In primo luogo va ribadita un cosa: l’attuale Stato di Israele è sicuramente frutto del sionismo, ma il sionismo non è mai stato un movimento unitario ed ha avuto al suo interno diverse anime, da quella totalmente laica ricollegantesi alle idee di Nazione sorte nel XIX secolo a quelle più strettamente religiose (che spesso non si sono neanche riconosciute nel movimento sionista). La dialettica politica e religiosa dello Stato di Israele rispecchia tali dinamiche anche oggi. Il sionismo non ha avuto nulla a che fare con la Shoah che è stata subita da tutti gli Ebrei dell’Europa a prescindere dalle loro scelte politiche vittime di una paura atavica verso il diverso e di una malvagità che si collegava a teorie cospirazioniste che ancora oggi i media diffondono con disinvoltura. Sicuramente si può non essere filosionisti (esattamente come Primo Levi ed Hannah Arendt), ma l’antisionismo (che automaticamente mette in dubbio l’esistenza dell’attuale stato di Israele) va spesso a coincidere con l’antisemitismo che ha avuto come sua conseguenza profonda nella storia dell’umanità la Shoah. Questa cosa non va dimenticata quando si parla di quanto oggi sta accadendo in Medio Oriente.

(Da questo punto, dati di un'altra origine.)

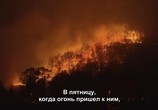 ТВ Австралия в огне / Australia Burning (2020) - cцена 7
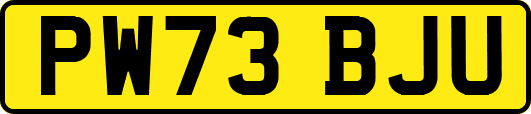 PW73BJU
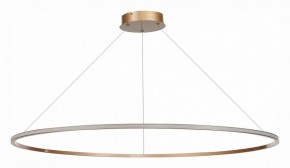Подвесной светильник ST-Luce ST604 OUT ST604.243.57 в Тюмени - tumen.mebel24.online | фото 2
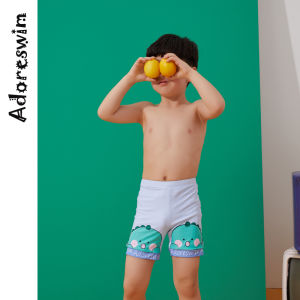 Stylish Hot Spring and Beach Swim Trunks for Boys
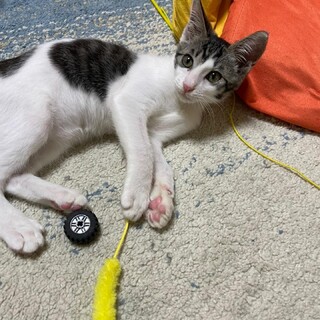 【募集一旦停止】イケメン！やんちゃ坊主しお君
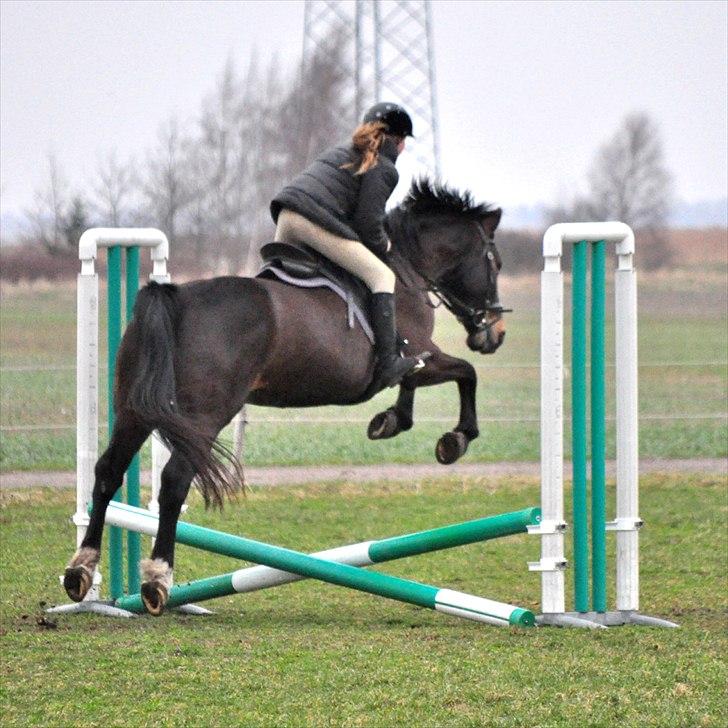 Holstener Simply *elevhest* - tak fordi i kiggede med :D Lig gerne en kommentar og bedømmelse så bliver vi meget glade ;)~Foto:Nadja~ billede 20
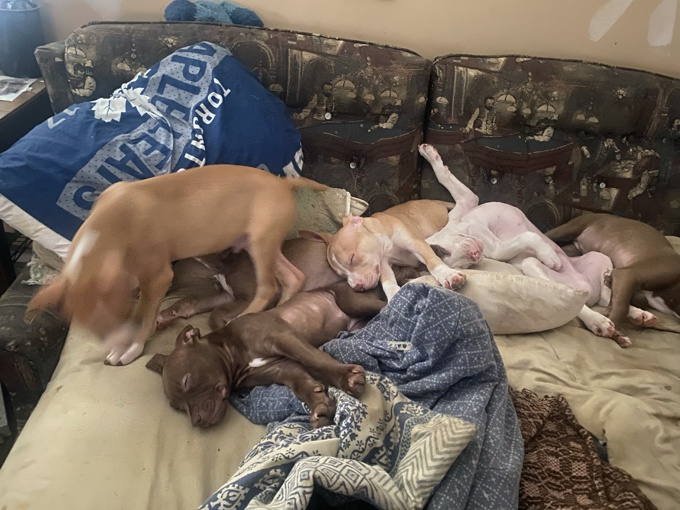 Mix (mastiff) call for more info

Lo Stato di Israele oggi è uno stato laico (e molti evangelici dimenticano questo particolare quando ne parlano), una costruzione storica avvenuta nel 1948 e riconosciuta dagli organismi internazionali. Le politiche di questo Stato (che è uno Stato democratico con delle sue peculiarità) come quelle di ogni istituzione umana sono soggette a critica e possono essere assolutamente criticate quando i Governi di Israele fanno delle scelte sbagliate. Come ogni democrazia anche lo stato di  Israele è imperfetto, come lo è qualsiasi istituzione umana. Queste critiche non devono però dimenticare che parliamo ad una popolazione che ha già all’interno una sua dialettica e che è composta da diverse parti che hanno opinioni diverse e su cui si può far pressione. Allo stesso tempo non dobbiamo dimenticare il motivo per cui gli Ebrei hanno costituito questo Stato e il perché gli organismi internazionali lo hanno riconosciuto dandogli legittimità.

Mi rendo conto che gli evangelici mostrano chiare simpatie filo-israeliane ed hanno bene in mente come sia importante commemorare la giornata della Memoria ricordando quanto accaduto ormai più di 80 anni fa in Europa. Allo stesso tempo dobbiamo qui ricordare una serie di questioni:

  1. Lo Shalom (la pace) anche per Israele è una delle costanti della predicazione biblica. Un credente non può aprioristicamente appoggiare un conflitto (anche giusto) se questo provoca un cattivo uso del mezzo bellico, provocando dolore anche contro coloro che non dovrebbero essere coinvolti. Pregare per la pace in ogni circostanza non è sbagliato;
  2. Israele (il suo Governo) possono essere criticati come ogni governo umano. Se le scelte dell’attuale Primo ministro israeliano e del suo Governo sono e sono state sbagliate non c’è nulla di male nel dirlo, senza con questo dubitare della stessa esistenza dello Stato;
  3. Non bisogna dimenticare della presenza cristiana in Palestina. Come afferma un articolo di Christianity Today di qualche mese fa (https://www.christianitytoday.com/ct/2023/october-web-only/israel-hamas-war-palestine-evangelical-christian-zionism.html?fbclid=IwAR15ztDoKpEe1XCIC_iUAH3euHKAMXUpgyMRuel25lzBckvC6fS-I21jM4M) nel territorio israelo-palestinese, la maggior parte dei credenti sono di origine palestinese e non ebraica. Le ragioni possono essere molteplici, ma dobbiamo tenere in considerazione anche questo fatto, all’interno di una situazione di estrema complessità.

Tutto ciò e le critiche che possiamo muovere ad una situazione complessa e delicata non ci devono far dimenticare cosa è successo e non devono neanche farci dimenticare il ruolo importante che gli Ebrei hanno avuto (e hanno) nella storia della salvezza. Pertanto rimane sempre nostro dovere civico e di credenti ricordare cosa è successo non solo il 27 gennaio (che è un’occasione), ma costantemente nella nostra vita e nel nostro impegno.